3. Ground nos. 3 and 3.1 are against the deletion of the addition of Rs. 87,60,601/- made by the AO by invoking the provision contained in section 40A(2) of the Act. The facts are that the assessee claimed deduction of consultancy charges of Rs. 1,17,60,601/-. The AO had taken the position in earlier years that the agreement is an arrangement to siphon off part of the profits and divert the same to joint venture partners. Therefore, following the earlier order, deduction of Rs. 30.00 lakh only was allowed, which is stated to be the fair market value of the services rendered by Shri U.K. Modi to the assessee-company on behalf of joint venture partner. The ld. CIT(Appeals) had decided the matter against the revenue in earlier years. It was also found by him that the matter had been decided against the revenue by the Tribunal in assessment years 2005-06 to 2007-08. Therefore, he deleted the addition.
3.1 The only point made by the ld. DR is that the ld. CIT(Appeals) did not ask for proof of services availed of by the assessee. The case of the ld. counsel is that the matter is covered under earlier decision of the Tribunal.
3.2 We have considered the facts of the case and submissions made before us. The disallowance has not been made on the ground that no service has been availed of by the assessee in lieu of payment of the aforesaid amount. His case is that the payment is a devise for siphoning off profits. No proof has been brought on record in respect thereof. He has merely relied on his findings of earlier years which have been reversed by the Tribunal. Therefore, following the decision of the Tribunal, these grounds are also dismissed. For the sake of ready reference, the relevant portion of the decision of the Tribunal is reproduced below:-
“11. We have considered the rival contentions and found from the record that the consultancy charges have been paid in lieu of MMPL for providing various advices as discussed in above para. Mr. U.K. Modi has represented one of the joint venture parties, MMPL, as director, in the business of collaboration with RML. We found him as an instrument in negotiating the collaboration as representative of MMPL for which he himself gave his personal undertaking. We also found that Mr.U.K.Modi did not render any services in his capacity as director of the assessee company and is not being paid any remuneration to work as a director. Sufficient evidence was produced before the AO to indicate that MMPL was actively involved in day to day activities of the assessee company.

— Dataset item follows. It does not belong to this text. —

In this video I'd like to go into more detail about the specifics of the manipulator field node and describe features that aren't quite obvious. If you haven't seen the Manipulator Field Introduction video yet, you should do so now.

MMPL has duly incorporated the consultancy charges in his income and paid due taxes thereon, it cannot be said that agreement was entered for siphoning of income of the sister concern. In view of the decision of Dhanrajgiriji Raja Narsinghji – 91 ITR 544, it is upon the assessee to decide what expenses are to be incurred or what is required for business purposes and it is not open to the Revenue to prescribe as to what expenses are to be incurred by the assessee. The categorical finding recorded by the CIT(A) with regard to reasonability of the consultancy charges paid has not been controverted by learned DR, we therefore do not find any reason to interfere in the order of CIT(A) for deleting disallowance made by the AO by invoking provisions of Section 40A(2).”

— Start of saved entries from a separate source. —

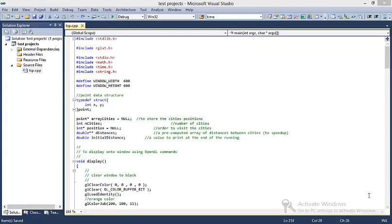Hello, welcome to the OpenGL Projects. Today we are going to see an OpenGL Projects video demo on the Travelling Salesman Program.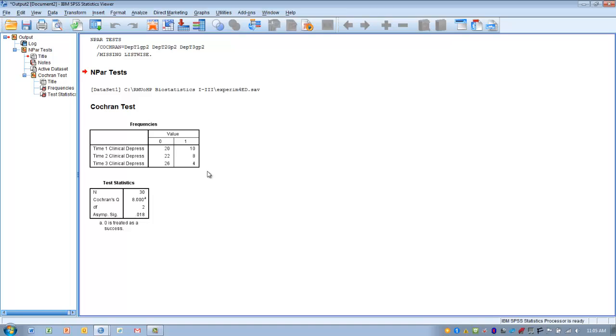At the first time point, we can see 20 of the 30 subjects were not diagnosed with clinical depression. By the time we get to the third data point, 26 of the subjects were no longer diagnosed with clinical depression.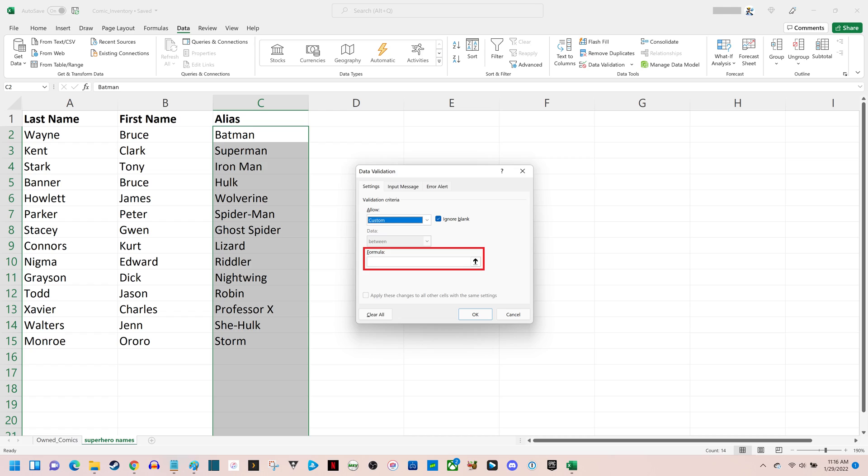Next, in the Formula field we'll enter a formula that will check newly entered values against all of the other values that are entered in that range, and will reject any new entries that already appear in that cell range.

4. Ground no. 4 is against deletion of the disallowance of Rs. 10,31,886/- made by the AO from advertisement and sale promotion expenses. The disallowance has been made by the AO on the grounds that the expenditure of Rs. 2,36,934/- in respect of advertisement in print media is in respect of brand promotion. Further, the advertisement expenditure pertains not only to the assessee but also confer benefits to other associate concerns and, therefore, the assessee is entitled to the deduction of proportionate expenditure only. The allocation is made on the basis of turnover of the assessee to the total turnover of the group concerns. The ld. CIT(Appeals) has deleted the addition by following the decision of the Tribunal in earlier years. The only point made by the ld. DR is that factual basis for making the claim has not been fully examined by the ld. CIT(Appeals).4.1 We find that the issue stands covered by the decision of the Tribunal for assessment years 2005-06 and 2006-07. Respectfully following the decision, it is held that no interference is required in the decision of the ld. CIT(Appeals). For ready reference, paragraph no. 14 of the earlier decision of the Tribunal is reproduced below:-
“14. We have considered the rival contentions and found from the record that an agreement was entered into by the assessee according to which WMPL has to bear only the cost of advertising and other expenses relating to consumer sector. As the benefit of promotion of brand “Revlon” accrued only to the assessee, the same is required to be incurred by assessee himself. We also found that in spite of the agreement with WMPL, the assessee was not precluded from incurring advertising expenses since it was purely commercial decision taken by the assessee. Since the assessee was the brand owner, it has vested interests and incurring of expenditure for promotion of brand was in the interest of the business of the assessee company only. We also found that similar expenditure was allowed consistently in the past and no disallowance has been made towards these expenses. Even under the scrutiny assessment for AY 2000-01 & 2001-02, similar expenditure was allowed. There is no change in the facts and circumstances during the year, even on the principle of consistency, such expenditure cannot be disallowed. On the similar reasoning, the disallowance made by the lower authorities during AY 2006-07 also stands deleted.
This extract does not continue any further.